Pensei que estava sendo bem mais difícil eu querer encarar a realidade do que eles próprios; por cinquenta minutos senti vontade de ver o filme, esquecer daquele mundo imperfeito ao redor, me esconder e ser criança, e consegui ser por algum tempo. Depois fui chamado por eles da terra do nunca e foi muito bom voltar. Trabalhar numa vila com crianças mal cuidadas me faz querer poder dar todo meu carinho, esquecer um pouco da técnica e da neutralidade. É uma retroalimentação. Lá eu tenho a oportunidade de poder resgatar a criança em mim também, que, como eles teve a alma machucada. Uma criança com muito medo de ser rejeitada ou amada. Ao ser um pouco pai, um pouco amigo e depois terapeuta, alguma capacidade adormecida é despertada em mim.
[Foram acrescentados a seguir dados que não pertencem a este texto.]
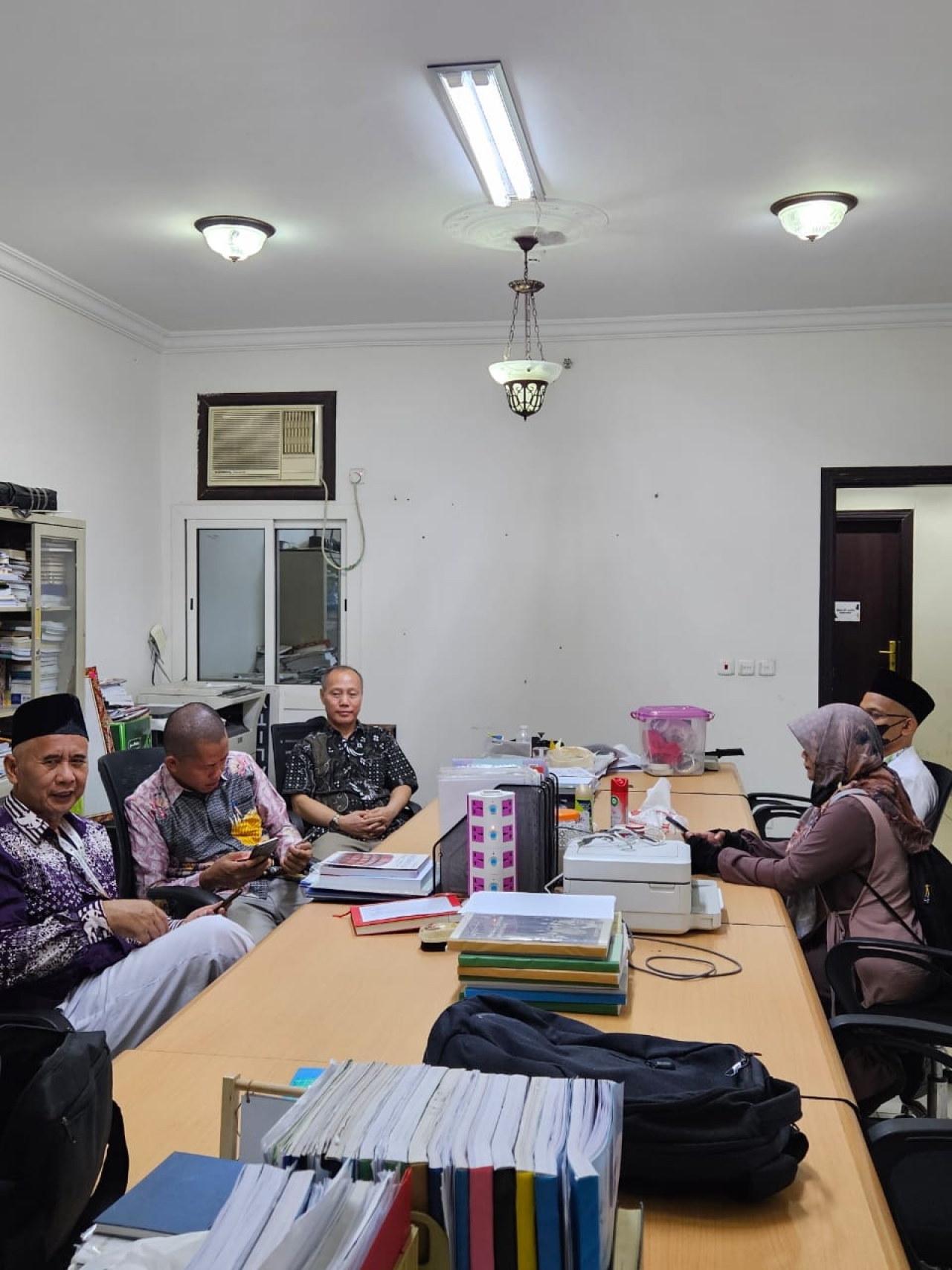 Rektor Unsika Jajaki Kerja Sama dengan Sekolah Indonesia Luar Negeri (SILN) di Arab Saudi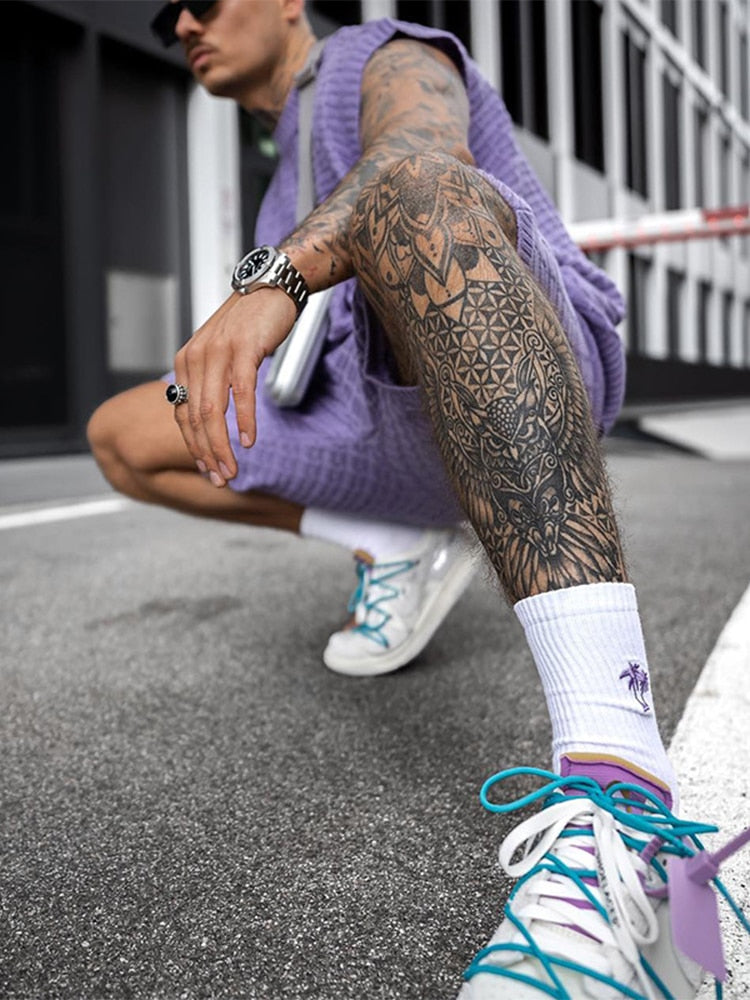 Vinthentic Giogeri Knitted Summer Set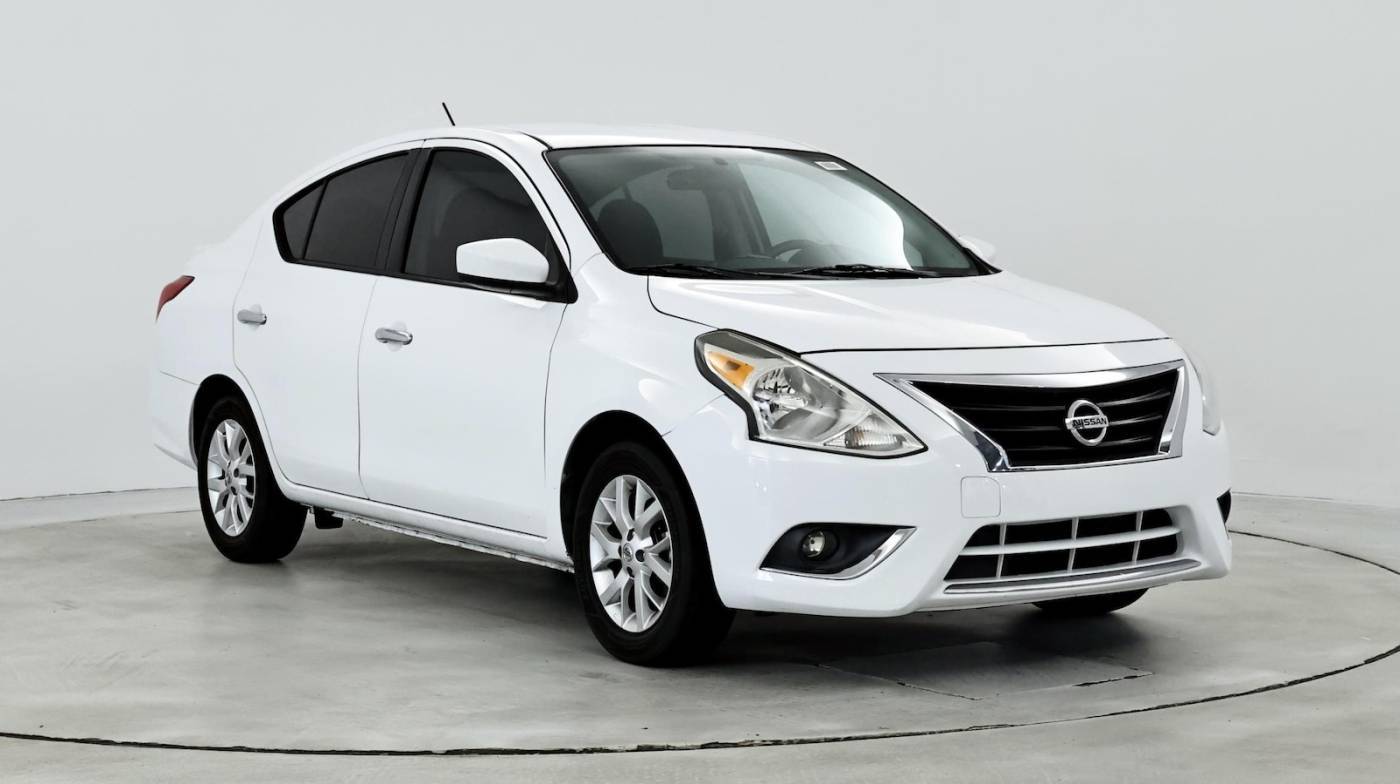 2018 Nissan Versa SV — Sedan — 77,037 mi — Norcross, GA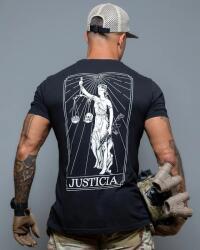 Brothers in Arms® Tricou Justicia Brothers in Arms® (Culoare: Negru, Mărime: M)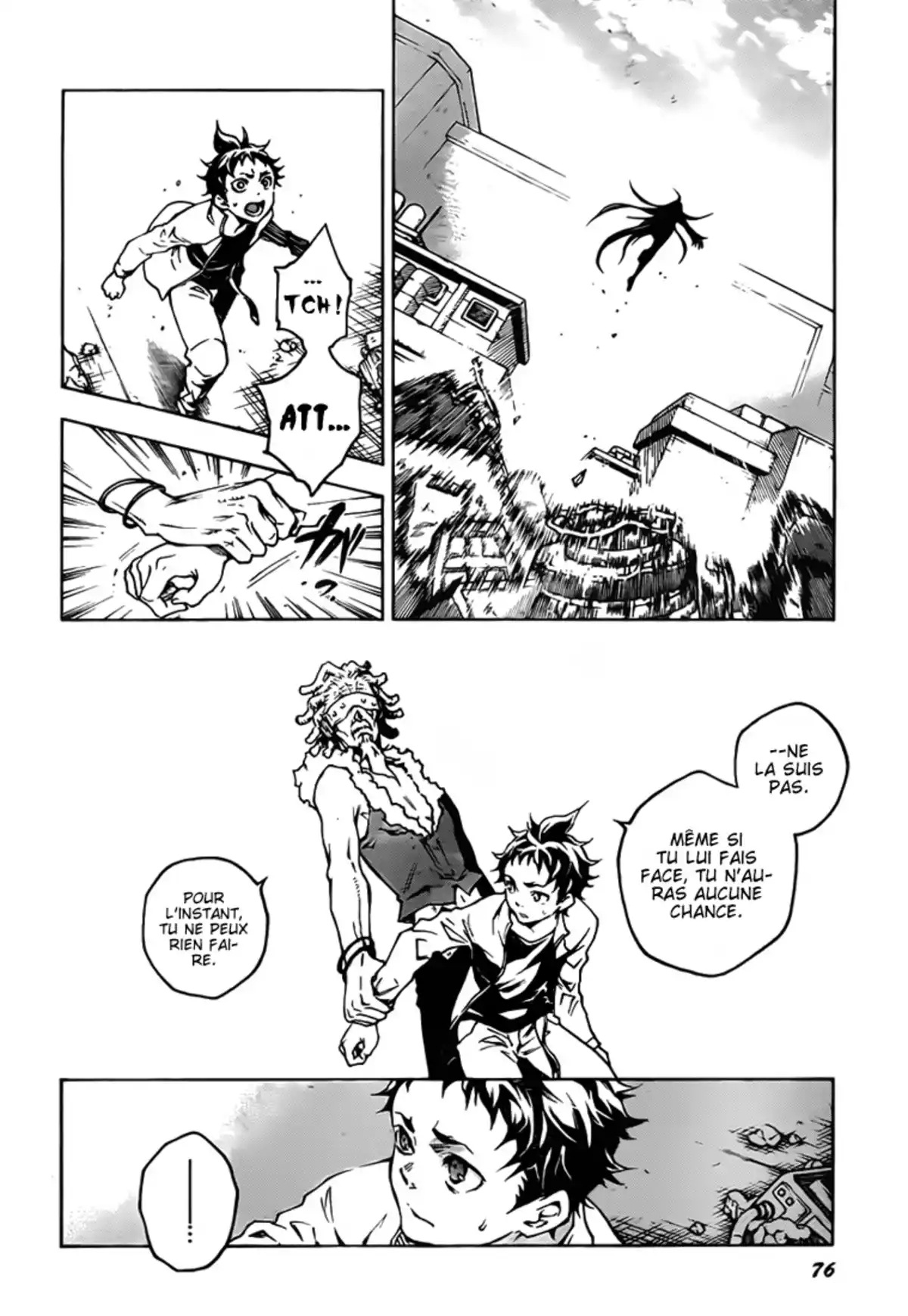 Deadman Wonderland Volume 10 page 92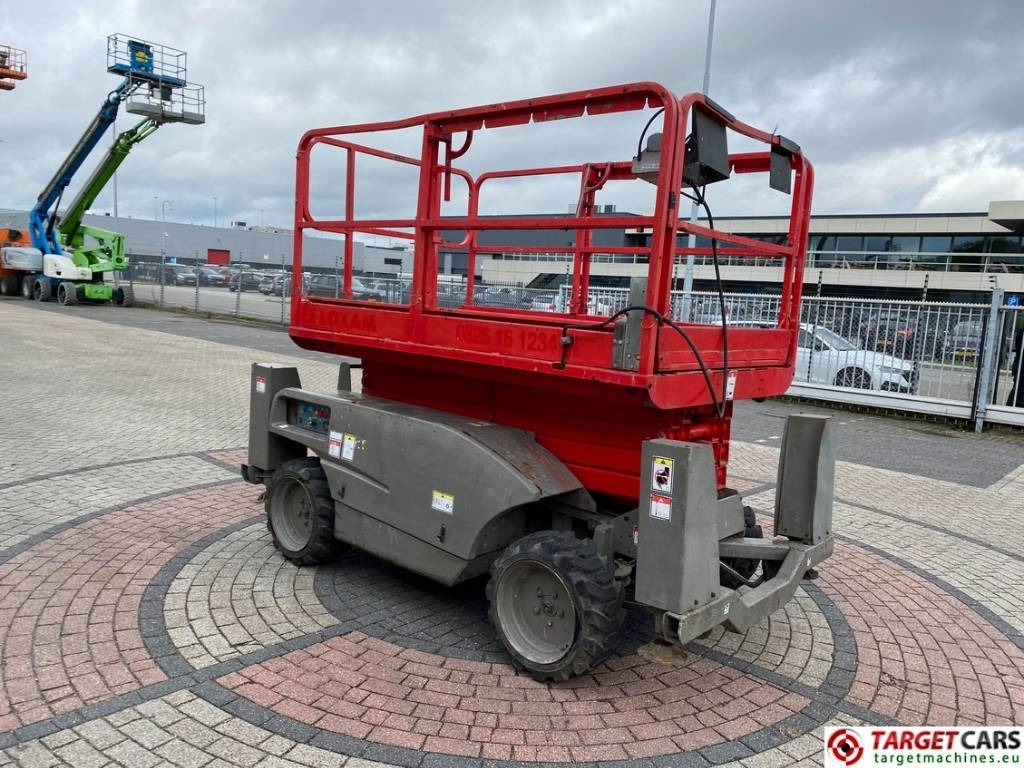 Haulotte Compact 12DX Diesel 4x4 Scissor Work Lift 1206cm  - Ножничный подъемник: фото 2 Haulotte Compact 12DX Diesel 4x4 Scissor Work Lift 1206cm  - Ножничный подъемник: фото 2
Confirmei que ninguém precisa ser de vila para entender o sentimento de abandono, descuido ou agressão por parte de pais. Que criança não sentiu (em diferentes medidas, é claro!) desamparo e fragilidade como essas? A diferença é que para essas, há falta ou excesso de quase tudo. Elas aprendem cedo demais que "feliz para sempre" é uma ilusão. Por isso não queriam ver o filme. Elas entendem precocemente que felicidade é agora ou talvez nunca, é algo que urge sem momento certo; depende da sorte e é sempre por pouco. Um saber que poucos "adultos" realmente adquirem.
Estou acreditando que qualquer gesto sincero de carinho nesse mundo é um tesouro. Pensava que o mundo era frio e distante. Tinha até hoje acreditado nisso, então eu preferí me encolher, ser mesquinho e egoísta também. Já era hora de descobrir que fiquei com mais dívidas com o mundo do que ele comigo.